Pictures are not part of the answer. Return the lines from the one containing "3. Cắm cành" through the end of the data, both included, exactly as they appear.

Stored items
════════
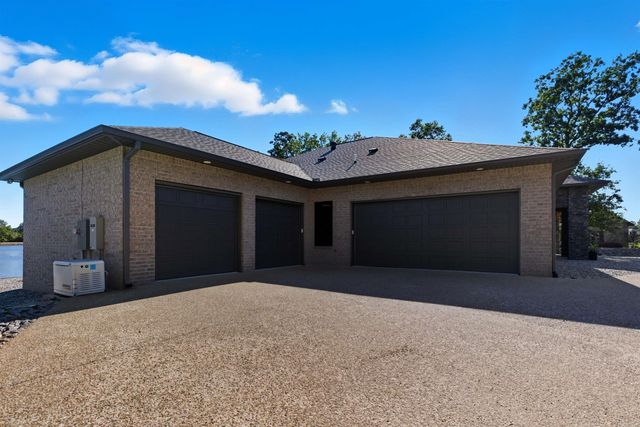 53 Maravilla Way, Hot Springs Village, AR 71909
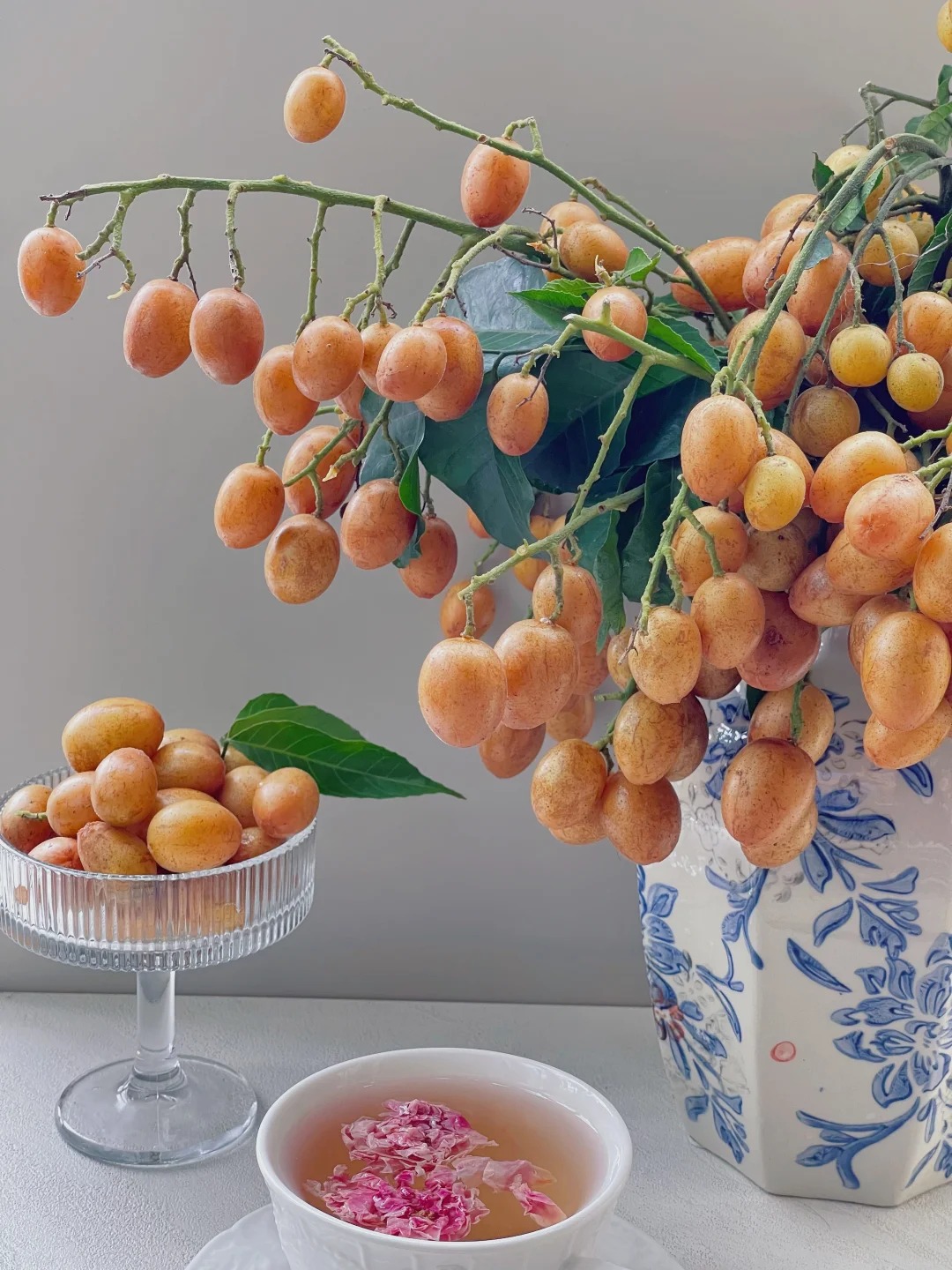 Cắm cành hồng bì mùa hè: Xu hướng trang trí nhà cửa cho không gian sống thêm sinh động - Ảnh 3. Cắm cành hồng bì mùa hè: Xu hướng trang trí nhà cửa cho không gian sống thêm sinh động - Ảnh 3.
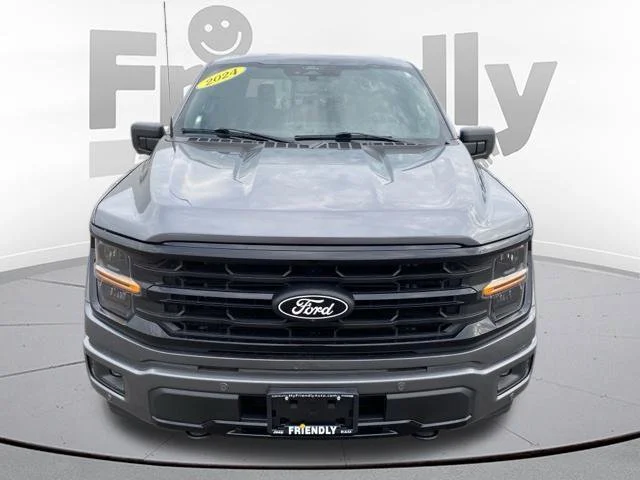 Used 2024 Gray Metallic Ford XLT image 8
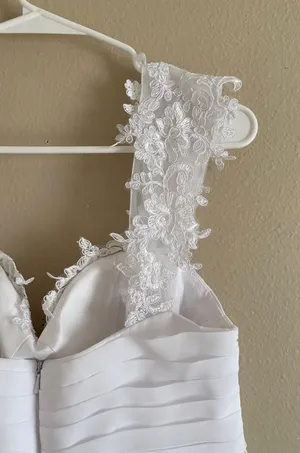 Mingda White Lace Floral Off The Shoulder Wedding Dress thumbnail 12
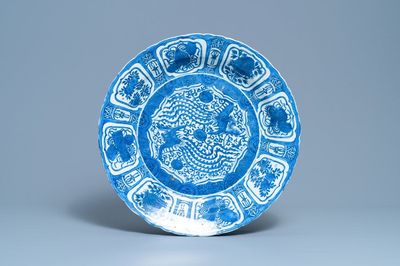 Un très grand plat en porcelaine de Chine en bleu et blanc de type kraak à décor de phénix, Wanli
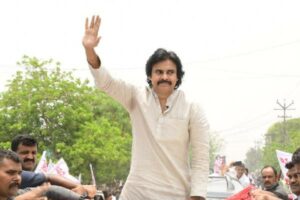 Pawan equates Jagan rule with emergency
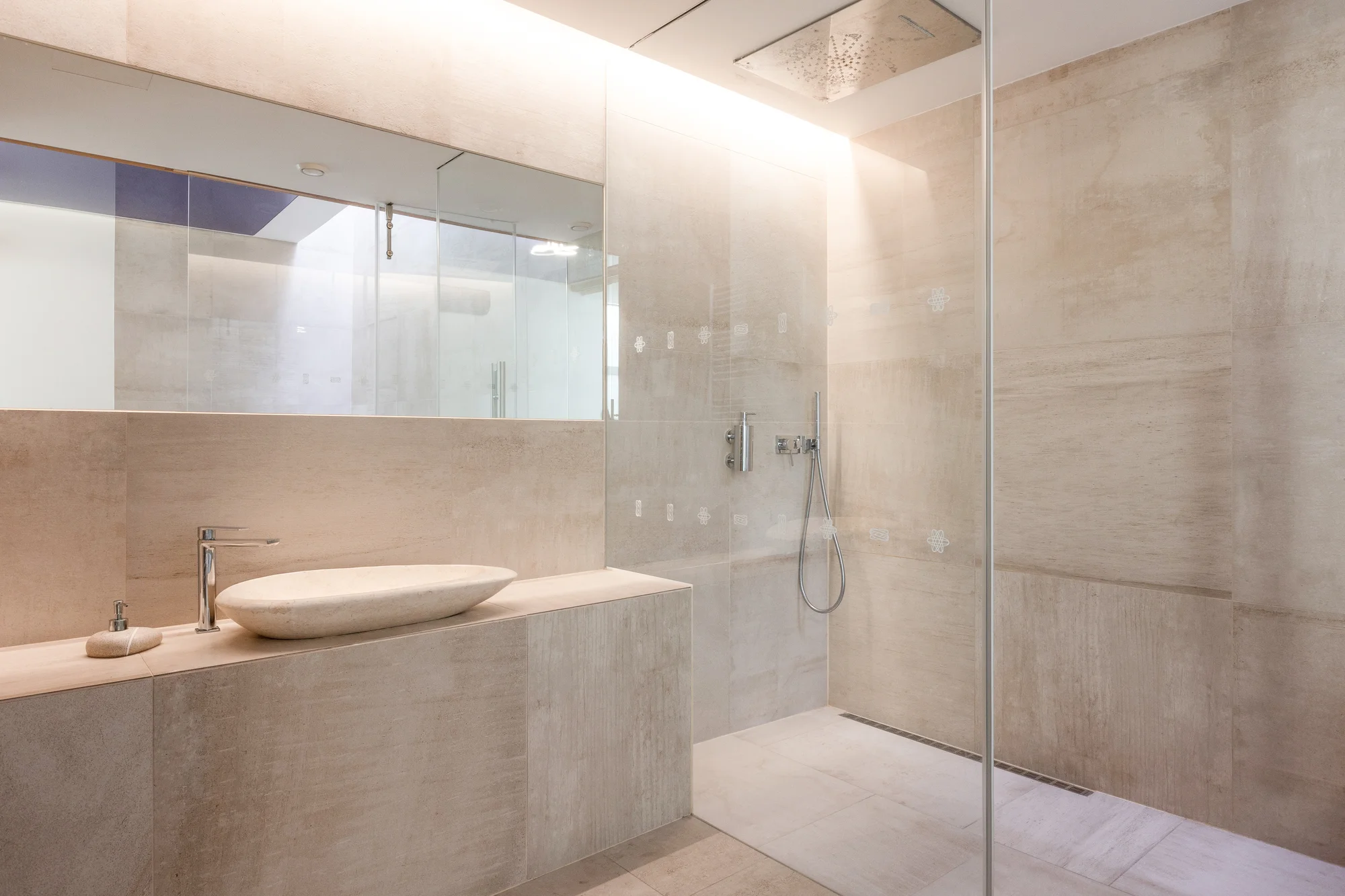 Pronájem luxusních wellness pokojů v centru Olomouce: vířivka i sauna jen pro vás dva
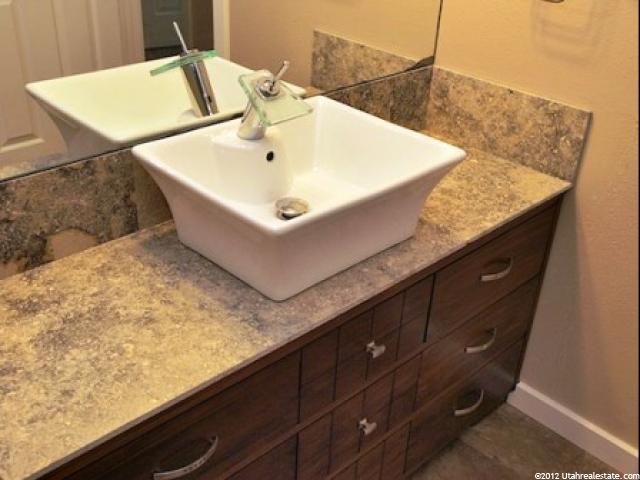 1606 E Casper Rd, Sandy, UT 84092 — photo 9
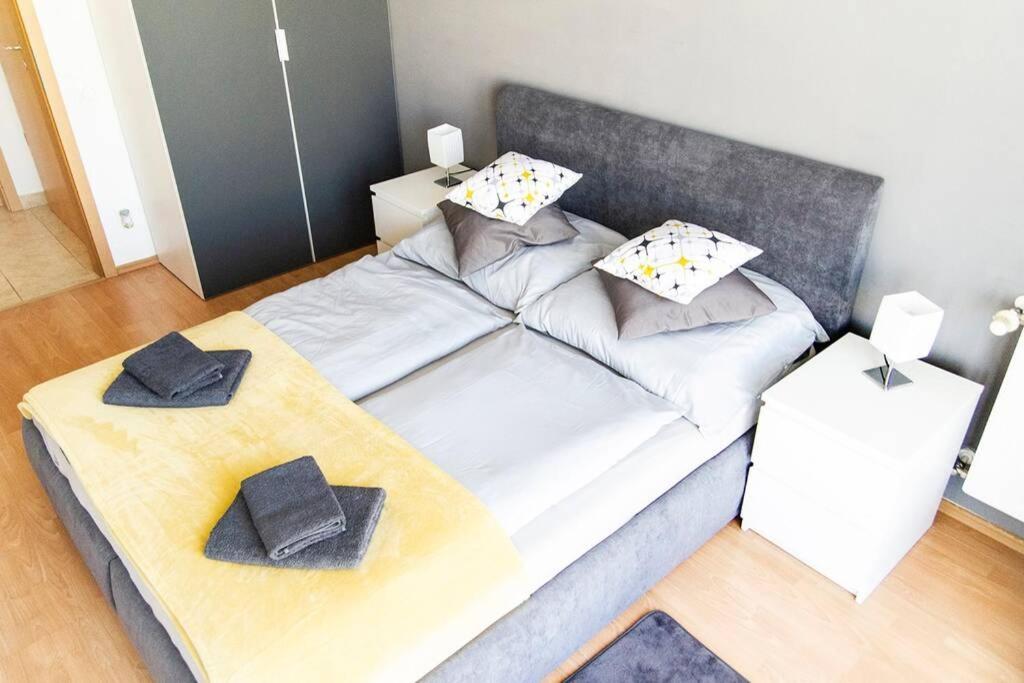Vip Mini Resort,Private Parking & Balcony Budapest Exterior foto
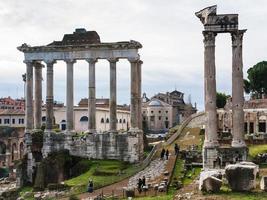 tempel van Saturnus in Romeins forum in Rome foto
════════
_Task answer_
 Cắm cành hồng bì mùa hè: Xu hướng trang trí nhà cửa cho không gian sống thêm sinh động - Ảnh 3. Cắm cành hồng bì mùa hè: Xu hướng trang trí nhà cửa cho không gian sống thêm sinh động - Ảnh 3.
 Used 2024 Gray Metallic Ford XLT image 8
 Mingda White Lace Floral Off The Shoulder Wedding Dress thumbnail 12
 Un très grand plat en porcelaine de Chine en bleu et blanc de type kraak à décor de phénix, Wanli
 Pawan equates Jagan rule with emergency
 Pronájem luxusních wellness pokojů v centru Olomouce: vířivka i sauna jen pro vás dva
 1606 E Casper Rd, Sandy, UT 84092 — photo 9
Vip Mini Resort,Private Parking & Balcony Budapest Exterior foto
 tempel van Saturnus in Romeins forum in Rome foto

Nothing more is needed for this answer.